THE PARENTS: Kendra Berry-Stankovich, 31, and Michael Stankovich, 31, of Eagleville
THE CHILDREN: Wyatt Benjamin, 6; Isabel Grace, 4; and Danica Joy and Quinnlyn Rose, born Feb. 20, 2020
HOW IT ALL BEGAN: They were watching Polar Express with friends just before winter break in 2008; Kendra snuggled up to Michael, and he reached for her hand. “We were just friends,” he says. “And all of a sudden: No, we’re more than friends.”
This is how Kendra fed her infant twins in the time of the coronavirus: She pumped at home, filling a freezer with baggies of milk, then drove some of it to Einstein Medical Center Montgomery.
In the lobby, a nurse checked her temperature; someone else came downstairs with a bin and wiped the baggies with antiseptic. Then Kendra got back in the car — Michael and the older kids were waiting — and drove home, trying to explain the unexplainable to Wyatt and Izzie:
“Why can’t we go to the playground?”
"Why can’t we go to Chick-fil-A?
“Mommy’s stomach is empty, but where are the babies? Why can’t we see them?”
“The first time I had to do it, I was almost in tears,” Kendra says. “I was in the hospital lobby, I could see the pathway to the NICU. I thought: I’m right here, but [the babies] have no idea.”
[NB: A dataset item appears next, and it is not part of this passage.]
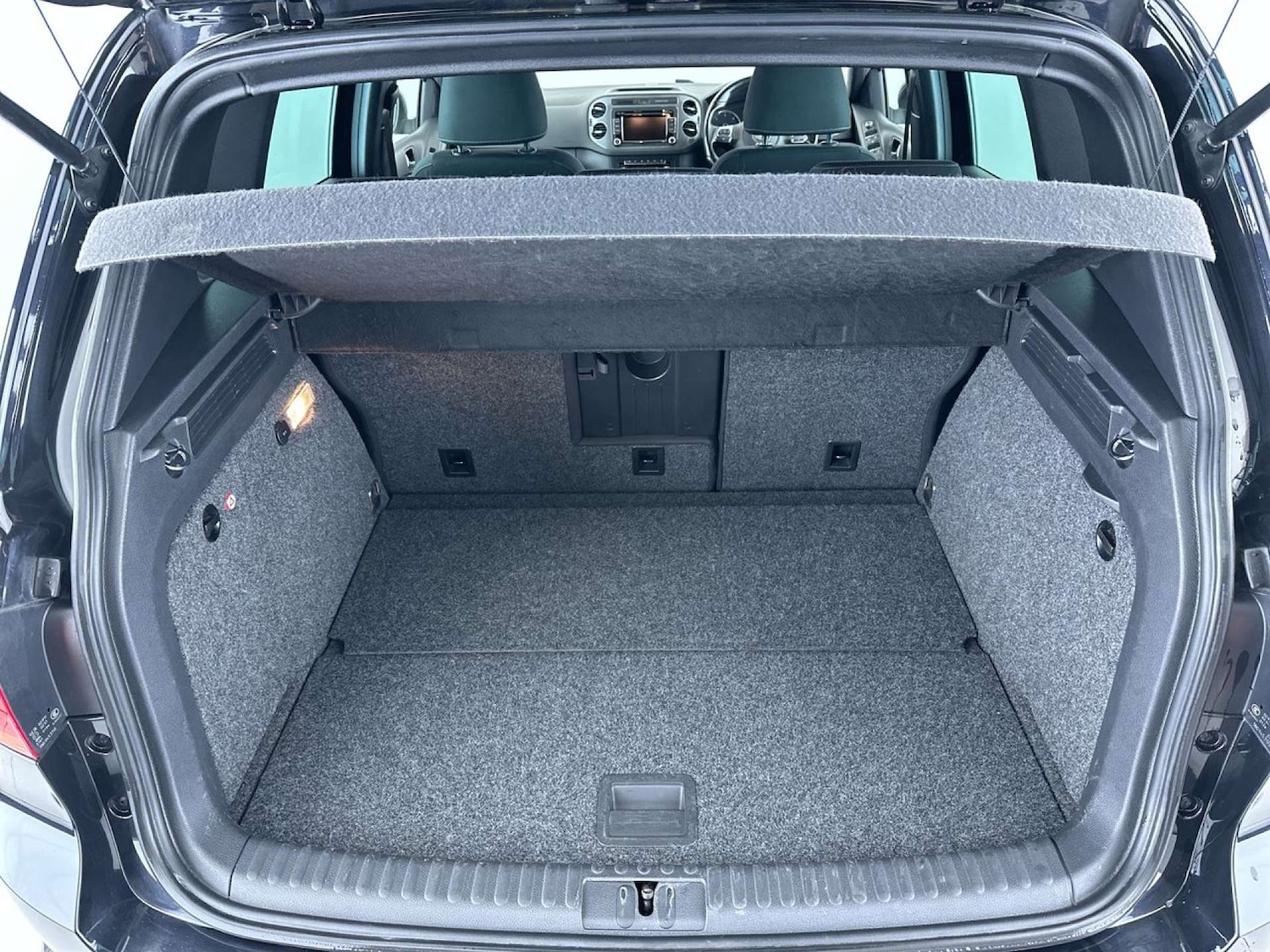 Used Volkswagen Tiguan 2014 for sale - 77617108: Photo 8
There was a period — a long one, after Izzie’s birth — when Kendra and Michael couldn’t fathom having another child. They’d used IVF to conceive Wyatt because Kendra’s polycystic ovary syndrome made an unassisted pregnancy unlikely. They had frozen two embryos and had two implanted, hoping for the twins Kendra had always wanted.
“We saw two little gestational sacs, and I was so excited. I started looking at double strollers, double bassinets.” Then, after her eight-week checkup, while the couple distracted themselves with pizza at the King of Prussia Mall, the clinic called: Just one heartbeat. Just one baby.
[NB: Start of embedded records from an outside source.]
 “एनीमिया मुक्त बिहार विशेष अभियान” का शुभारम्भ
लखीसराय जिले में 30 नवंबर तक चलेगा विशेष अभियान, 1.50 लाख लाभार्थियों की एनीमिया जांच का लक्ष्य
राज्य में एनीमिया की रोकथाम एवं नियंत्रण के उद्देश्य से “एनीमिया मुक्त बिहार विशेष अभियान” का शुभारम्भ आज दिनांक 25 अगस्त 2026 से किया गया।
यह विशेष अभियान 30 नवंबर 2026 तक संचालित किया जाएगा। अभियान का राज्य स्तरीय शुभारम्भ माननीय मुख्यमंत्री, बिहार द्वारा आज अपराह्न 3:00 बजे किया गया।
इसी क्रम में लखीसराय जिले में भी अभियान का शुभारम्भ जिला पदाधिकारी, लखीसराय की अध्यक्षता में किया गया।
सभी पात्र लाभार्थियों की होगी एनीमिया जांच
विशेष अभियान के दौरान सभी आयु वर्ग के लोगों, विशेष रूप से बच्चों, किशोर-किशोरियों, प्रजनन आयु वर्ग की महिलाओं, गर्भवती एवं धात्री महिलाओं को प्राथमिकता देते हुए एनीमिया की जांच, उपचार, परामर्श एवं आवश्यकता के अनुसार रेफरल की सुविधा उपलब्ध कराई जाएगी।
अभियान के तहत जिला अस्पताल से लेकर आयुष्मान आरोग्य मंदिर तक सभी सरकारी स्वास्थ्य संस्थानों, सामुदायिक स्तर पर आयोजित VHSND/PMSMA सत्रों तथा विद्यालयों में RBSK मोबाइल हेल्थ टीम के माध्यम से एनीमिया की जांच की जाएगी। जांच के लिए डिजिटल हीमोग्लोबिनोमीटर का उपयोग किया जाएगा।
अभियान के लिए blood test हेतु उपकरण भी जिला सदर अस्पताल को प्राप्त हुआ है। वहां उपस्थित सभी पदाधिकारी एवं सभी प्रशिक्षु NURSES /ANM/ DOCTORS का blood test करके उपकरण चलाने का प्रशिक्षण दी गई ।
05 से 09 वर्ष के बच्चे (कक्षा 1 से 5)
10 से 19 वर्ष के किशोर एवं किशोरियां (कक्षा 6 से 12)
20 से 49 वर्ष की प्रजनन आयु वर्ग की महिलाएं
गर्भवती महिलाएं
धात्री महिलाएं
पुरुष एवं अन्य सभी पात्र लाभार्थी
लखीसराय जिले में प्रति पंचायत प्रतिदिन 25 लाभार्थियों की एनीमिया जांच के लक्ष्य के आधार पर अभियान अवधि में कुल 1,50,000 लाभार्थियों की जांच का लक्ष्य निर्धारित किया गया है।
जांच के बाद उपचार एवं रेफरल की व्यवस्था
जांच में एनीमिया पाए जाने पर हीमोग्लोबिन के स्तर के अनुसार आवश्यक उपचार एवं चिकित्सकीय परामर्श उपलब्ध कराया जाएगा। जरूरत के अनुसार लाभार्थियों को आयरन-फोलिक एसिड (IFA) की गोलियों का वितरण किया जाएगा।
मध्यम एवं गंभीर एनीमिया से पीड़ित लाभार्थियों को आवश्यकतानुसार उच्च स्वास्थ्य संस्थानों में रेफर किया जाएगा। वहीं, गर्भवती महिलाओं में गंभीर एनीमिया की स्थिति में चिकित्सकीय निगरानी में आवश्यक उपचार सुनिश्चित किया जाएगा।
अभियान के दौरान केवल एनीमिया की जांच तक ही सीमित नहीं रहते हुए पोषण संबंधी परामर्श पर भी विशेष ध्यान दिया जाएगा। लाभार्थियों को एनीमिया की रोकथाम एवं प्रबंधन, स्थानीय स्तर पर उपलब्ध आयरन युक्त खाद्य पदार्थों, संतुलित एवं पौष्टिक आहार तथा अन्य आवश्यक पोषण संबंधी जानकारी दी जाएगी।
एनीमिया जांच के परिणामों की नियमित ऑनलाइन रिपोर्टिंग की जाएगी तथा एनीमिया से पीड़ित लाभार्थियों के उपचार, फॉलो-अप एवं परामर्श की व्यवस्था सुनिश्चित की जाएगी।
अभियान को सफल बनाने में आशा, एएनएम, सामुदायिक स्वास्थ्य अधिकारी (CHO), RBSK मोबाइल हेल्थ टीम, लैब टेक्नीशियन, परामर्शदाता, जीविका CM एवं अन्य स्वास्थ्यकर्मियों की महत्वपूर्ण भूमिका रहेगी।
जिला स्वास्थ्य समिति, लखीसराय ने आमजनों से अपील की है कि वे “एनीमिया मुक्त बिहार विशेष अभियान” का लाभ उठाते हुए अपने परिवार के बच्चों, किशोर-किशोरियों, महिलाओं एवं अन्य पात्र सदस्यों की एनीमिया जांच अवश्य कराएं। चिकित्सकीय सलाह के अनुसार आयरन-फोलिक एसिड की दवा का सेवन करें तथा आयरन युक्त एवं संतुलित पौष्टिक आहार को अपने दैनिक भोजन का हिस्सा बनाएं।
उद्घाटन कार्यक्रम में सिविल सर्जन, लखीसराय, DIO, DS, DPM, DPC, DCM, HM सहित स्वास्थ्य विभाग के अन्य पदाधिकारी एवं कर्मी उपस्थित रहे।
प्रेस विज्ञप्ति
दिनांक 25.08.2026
“I remember sitting there in silence, praying: Please be wrong. Please be wrong,” Kendra says.
Wyatt’s birth was early and quick. Following a night of “uber-nesting” during which Kendra insisted on assembling the baby swing and changing the tub nozzles, she arrived at Einstein already 4 centimeters dilated. She pushed for 12 minutes.
“Toward the end, the midwife grabbed my arm: ‘You’re going to catch the baby!’ ” Mike recalls. The baby was fine — 6 pounds, alert and calm, breathing well on his own.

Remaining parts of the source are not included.